▼▼▼

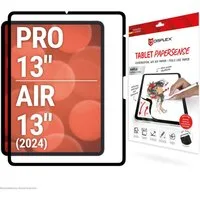 Displex Displayschutzglas PaperSense für iPad Pro 13" (2024), iPad Air 13" (2024), wiederablösbar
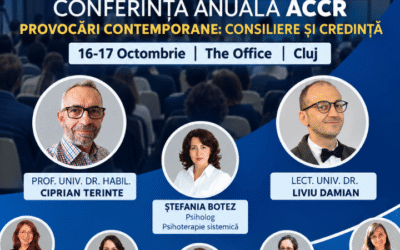 Conferință despre consiliere și credință creștină, la Cluj-Napoca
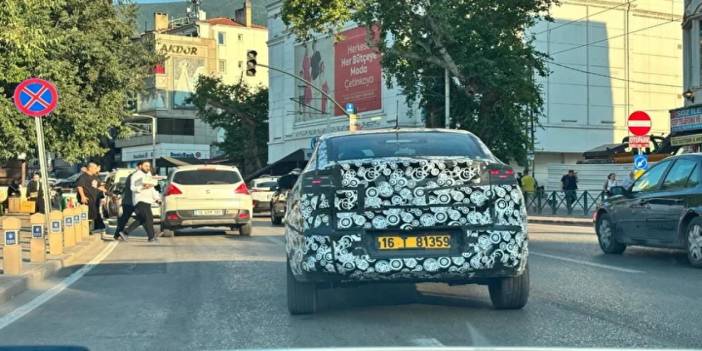 Egea’nın yerine geçecek yeni Fiat Türkiye’de görüntülendi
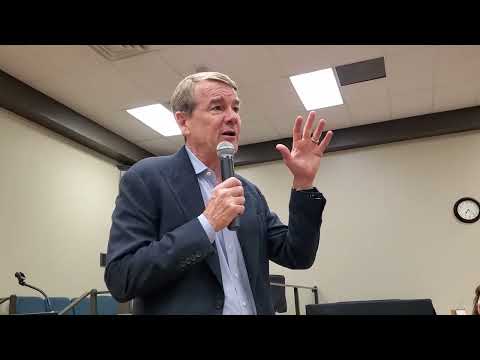 Windsor Gardens Democratic Club June 10 2026 Sen Michael Bennet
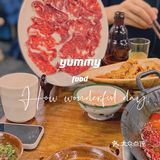 雨中的小火锅
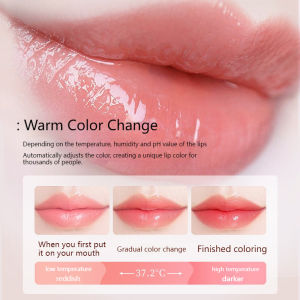 Waterproof Lipstick Magic Temperature Color Changing Lip Tint Moisturizing Lip Balm Long Lasting Lip Gloss Nourish Lips Care Makeup 口红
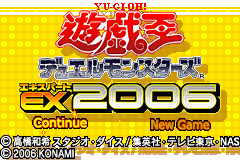 Yu-Gi-Oh! Duel Monsters Expert 2006 [Model AGB-BY6J-JPN(RK388-J1)] screenshot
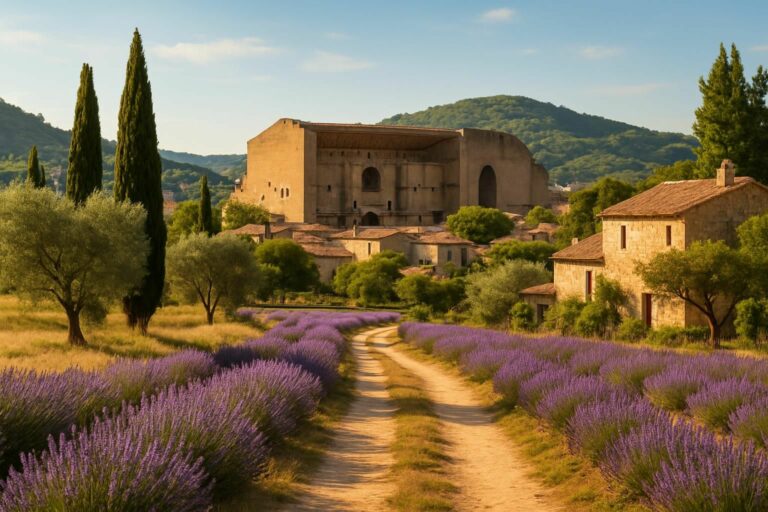 partez en balade autour d'orange et découvrez les trésors cachés de cette magnifique région pleine d'histoire, de nature et de charme authentique.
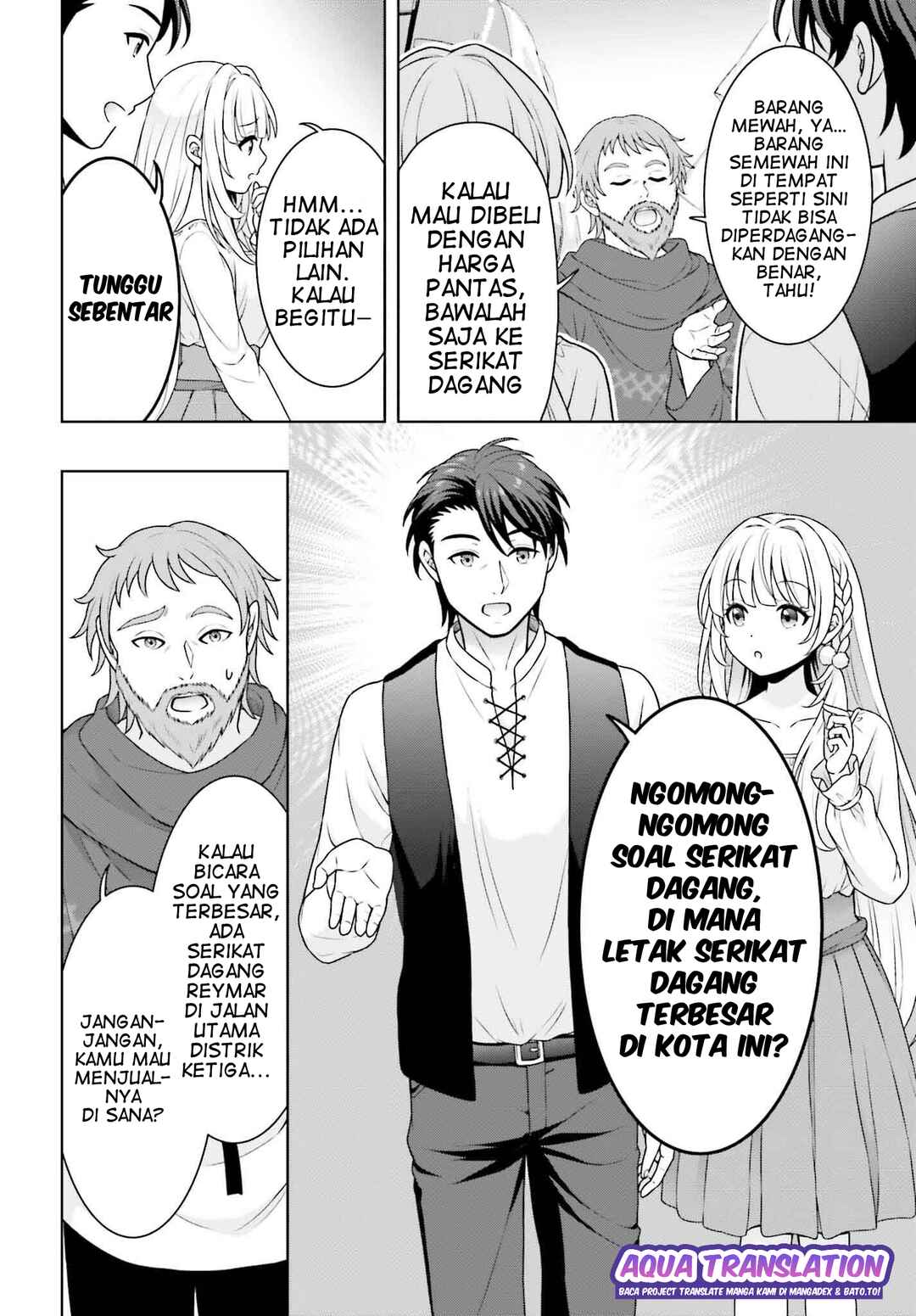 Gokinjo JK Isezaki-san wa Isekai-gaeri no Dai Seijo Chapter 4 - Page 21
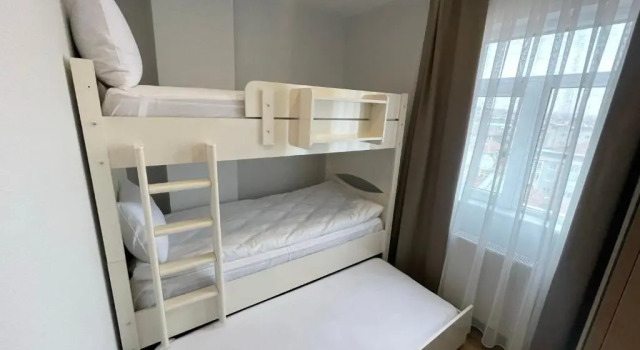Семейные апартаменты с 2 комнатами Отель BayMari Suites City Life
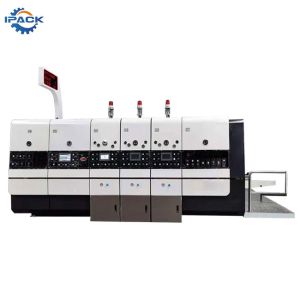 Buy cheap 3 4 Colors Corrugated Carton Flexo Printing Machine for Die Cutting from wholesalers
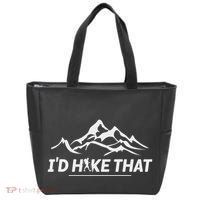 ID Hike That Adventure Tote Bag thumb 0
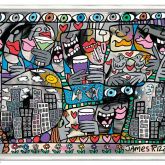James Rizzi "So Happy Together"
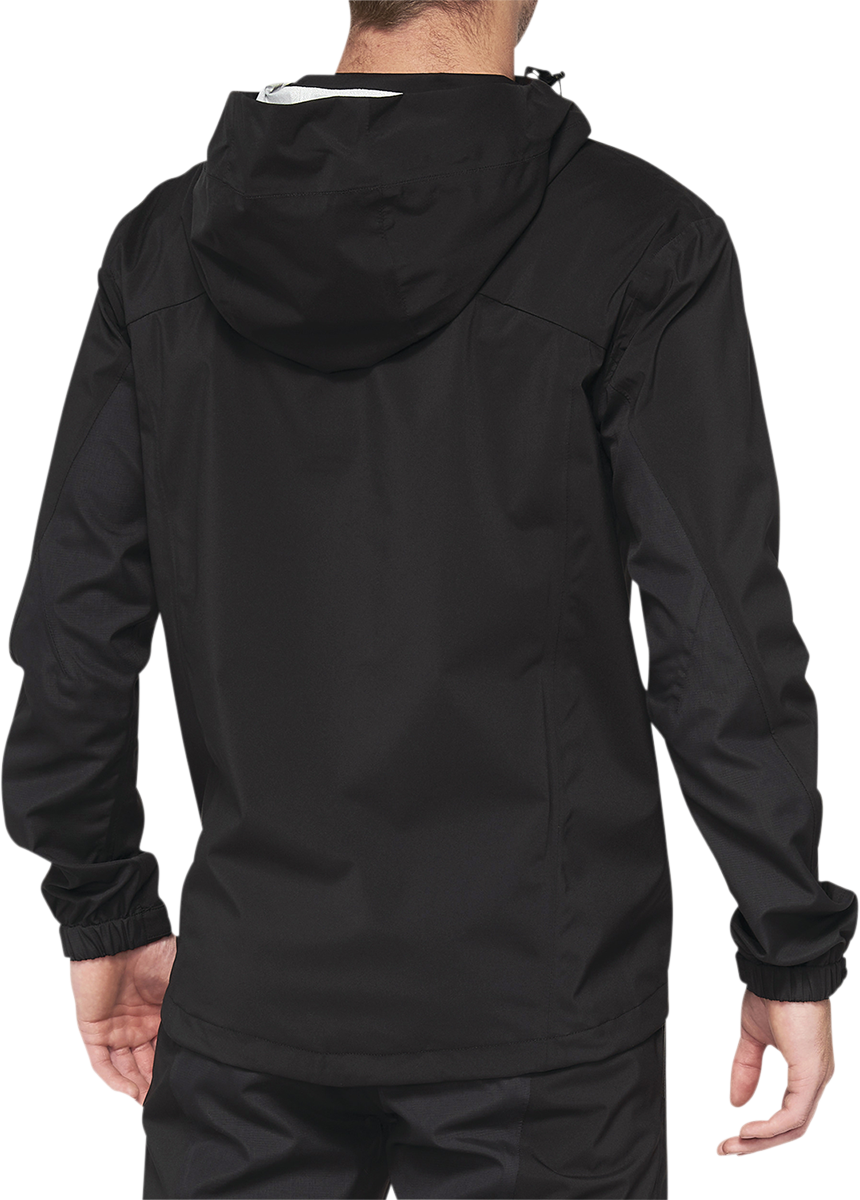 100% Hydromatic Jacket - Black - Small 40039-00000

▲▲▲

*What the task asks*
Since the listing holds pictures, return everything else in it exactly and omit those.

*Response box*
 Displex Displayschutzglas PaperSense für iPad Pro 13" (2024), iPad Air 13" (2024), wiederablösbar
 Conferință despre consiliere și credință creștină, la Cluj-Napoca
 Egea’nın yerine geçecek yeni Fiat Türkiye’de görüntülendi
 Windsor Gardens Democratic Club June 10 2026 Sen Michael Bennet
 雨中的小火锅
 Waterproof Lipstick Magic Temperature Color Changing Lip Tint Moisturizing Lip Balm Long Lasting Lip Gloss Nourish Lips Care Makeup 口红
 Yu-Gi-Oh! Duel Monsters Expert 2006 [Model AGB-BY6J-JPN(RK388-J1)] screenshot
 partez en balade autour d'orange et découvrez les trésors cachés de cette magnifique région pleine d'histoire, de nature et de charme authentique.
 Gokinjo JK Isezaki-san wa Isekai-gaeri no Dai Seijo Chapter 4 - Page 21
Семейные апартаменты с 2 комнатами Отель BayMari Suites City Life
 Buy cheap 3 4 Colors Corrugated Carton Flexo Printing Machine for Die Cutting from wholesalers
 ID Hike That Adventure Tote Bag thumb 0
James Rizzi "So Happy Together"
 100% Hydromatic Jacket - Black - Small 40039-00000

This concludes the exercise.